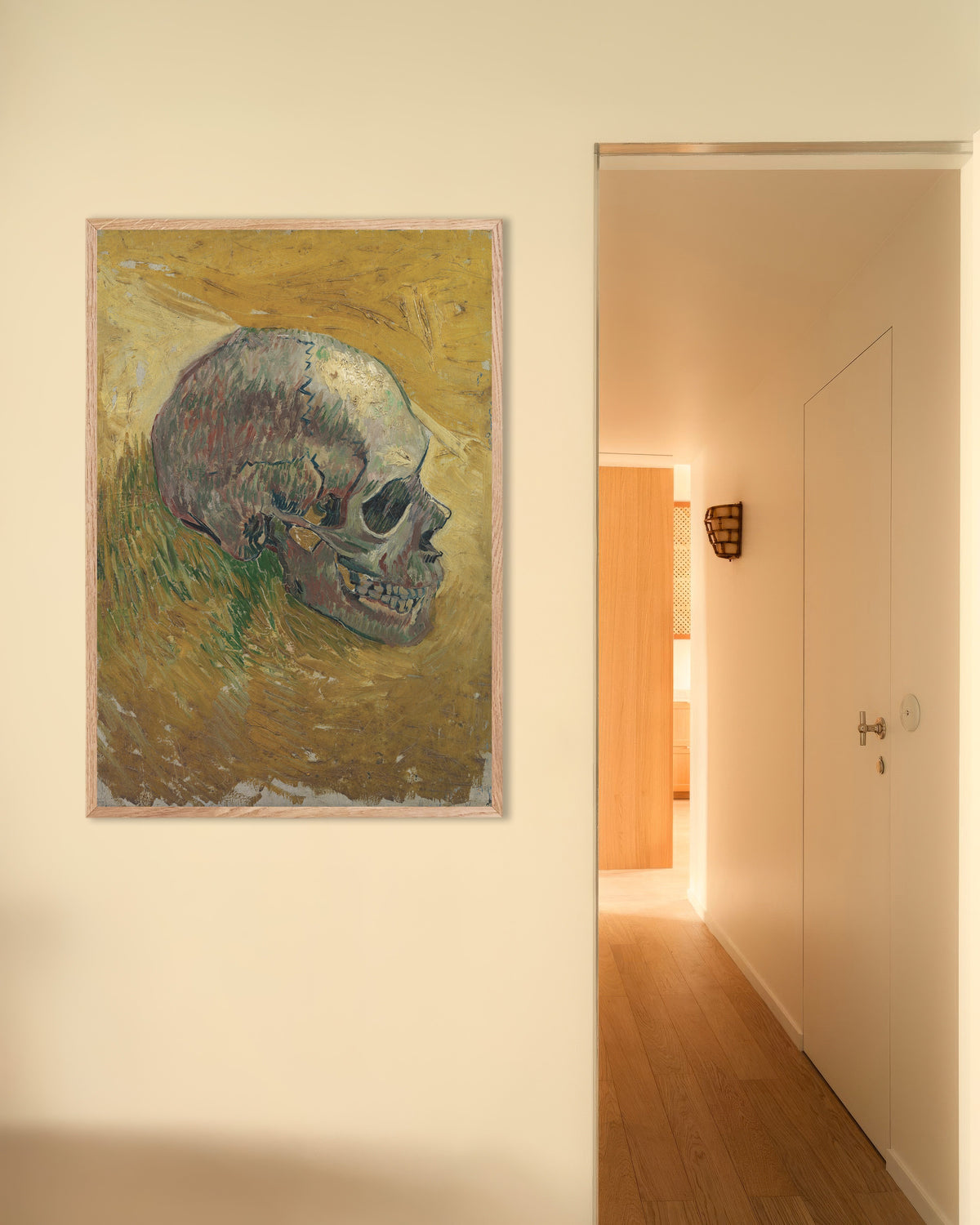 Poster van Schedel (1887) van Vincent van Gogh, met lijst van naturel hout
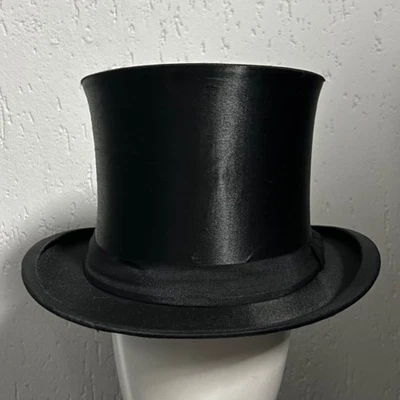 Men’s Vintage Edwardian 1900s 1910s Black Top Hat 100% Silk 57 Cm 7 1/8 UK - Image 1 of 4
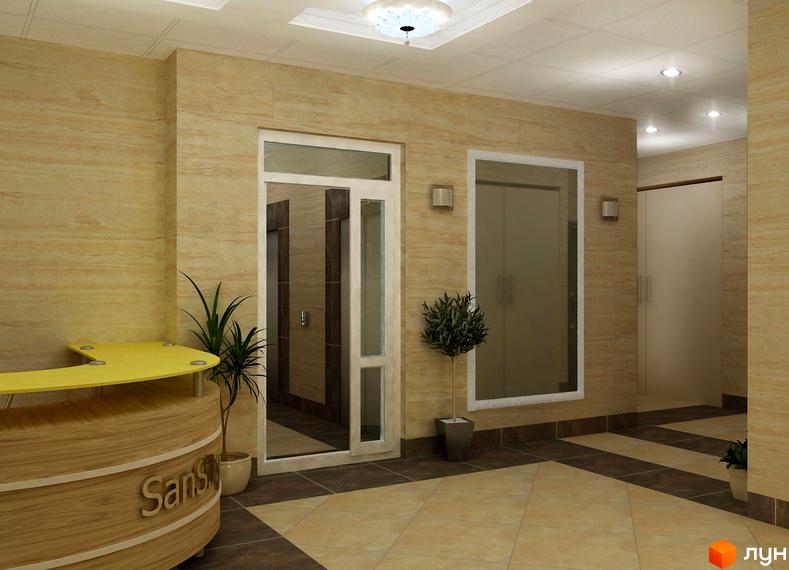 Сучасний вхід у житловий комплекс SunCity з елегантною стійкою реєстрації та озелененням. Простір оформлений у світлих тонах з акцентом на натуральні матеріали.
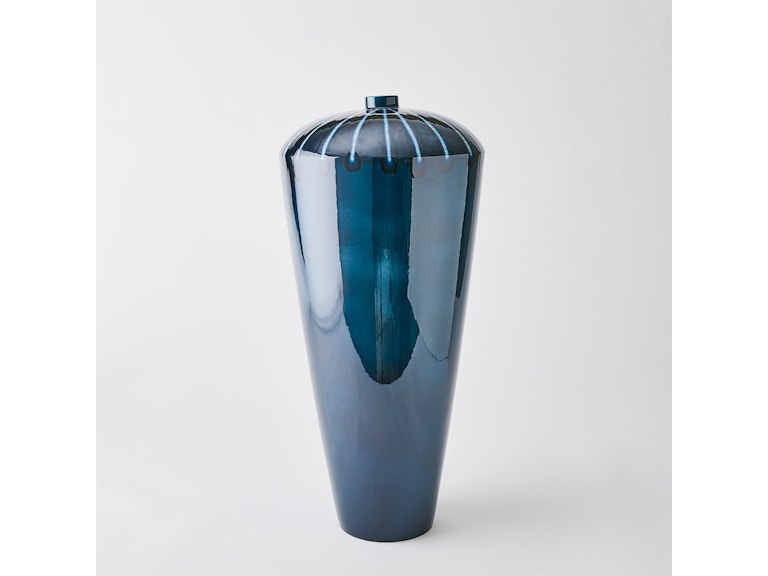 Global Views Home Accents Domed Vase-Reactive Blue-Wide 1.11070 at Norwood Furniture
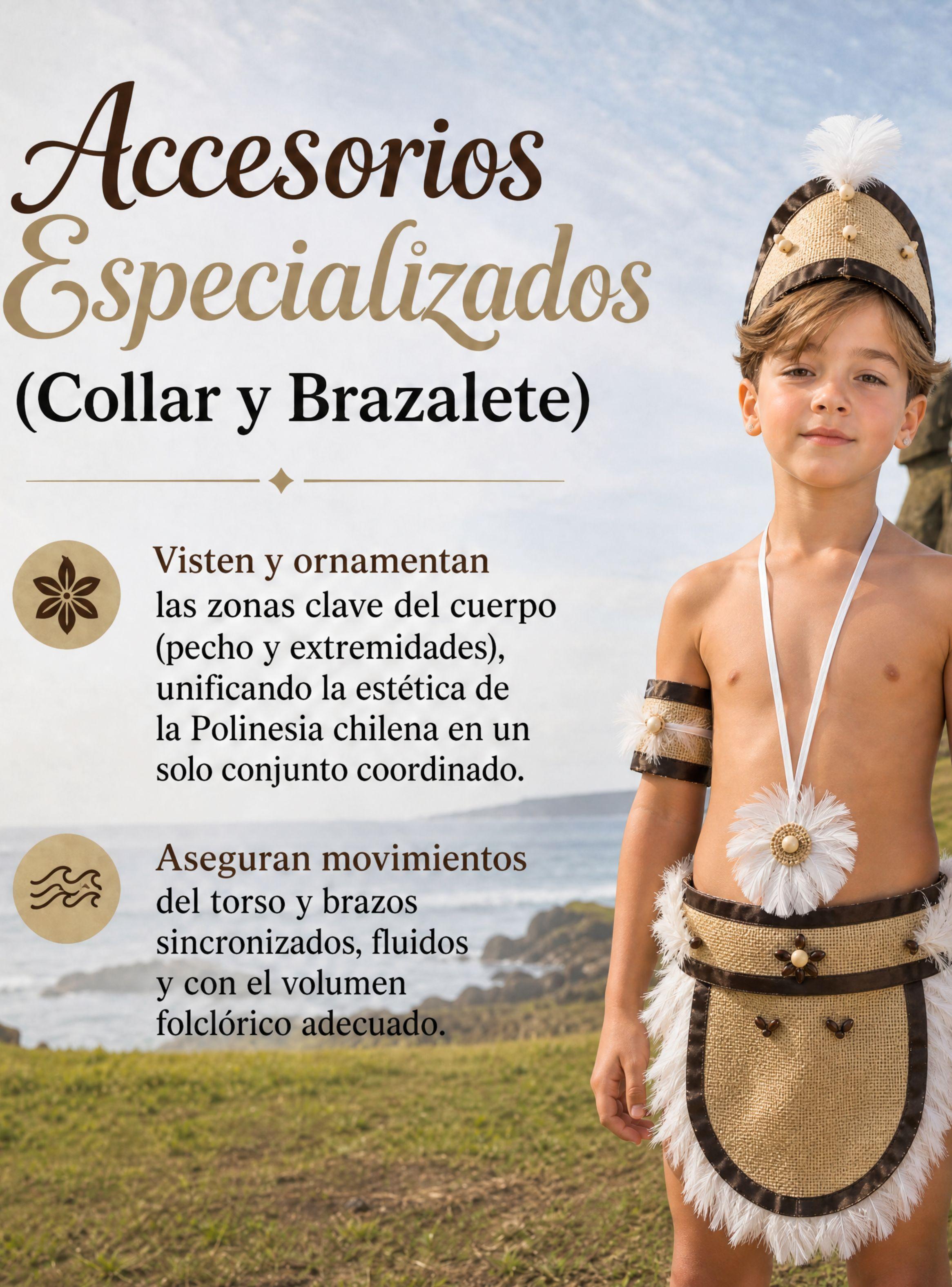 Traje Pascuense Típico Completo 4 Piezas de NIño Rapa Nui Fiestas Patrias-6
-- -- --
Since only the text is needed, retype the data above exactly and omit the pictures.

▸ REPLY
 Poster van Schedel (1887) van Vincent van Gogh, met lijst van naturel hout
 Men’s Vintage Edwardian 1900s 1910s Black Top Hat 100% Silk 57 Cm 7 1/8 UK - Image 1 of 4
 Сучасний вхід у житловий комплекс SunCity з елегантною стійкою реєстрації та озелененням. Простір оформлений у світлих тонах з акцентом на натуральні матеріали.
 Global Views Home Accents Domed Vase-Reactive Blue-Wide 1.11070 at Norwood Furniture
 Traje Pascuense Típico Completo 4 Piezas de NIño Rapa Nui Fiestas Patrias-6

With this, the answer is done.